* **PROBLEM STATEMENT**
The answer must consist solely of the lines from the one containing "Matilda Lawler, Elizabeth" to the end of the entries below, repeated exactly.

[Short web captions]
━━━

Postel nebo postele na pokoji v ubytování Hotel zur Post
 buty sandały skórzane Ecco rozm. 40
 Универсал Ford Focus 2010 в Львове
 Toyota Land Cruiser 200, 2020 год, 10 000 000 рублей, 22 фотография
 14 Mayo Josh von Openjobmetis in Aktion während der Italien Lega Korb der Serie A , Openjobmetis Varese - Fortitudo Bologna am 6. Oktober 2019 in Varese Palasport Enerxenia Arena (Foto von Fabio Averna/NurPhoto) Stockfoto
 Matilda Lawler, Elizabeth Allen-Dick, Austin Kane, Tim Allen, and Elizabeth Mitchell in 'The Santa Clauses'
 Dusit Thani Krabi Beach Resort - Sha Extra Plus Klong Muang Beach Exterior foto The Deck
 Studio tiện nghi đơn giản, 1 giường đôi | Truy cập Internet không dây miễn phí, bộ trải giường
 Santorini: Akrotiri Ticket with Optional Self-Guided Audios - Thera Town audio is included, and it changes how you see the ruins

━━━

* **EXERCISE OUTPUT**
 Matilda Lawler, Elizabeth Allen-Dick, Austin Kane, Tim Allen, and Elizabeth Mitchell in 'The Santa Clauses'
 Dusit Thani Krabi Beach Resort - Sha Extra Plus Klong Muang Beach Exterior foto The Deck
 Studio tiện nghi đơn giản, 1 giường đôi | Truy cập Internet không dây miễn phí, bộ trải giường
 Santorini: Akrotiri Ticket with Optional Self-Guided Audios - Thera Town audio is included, and it changes how you see the ruins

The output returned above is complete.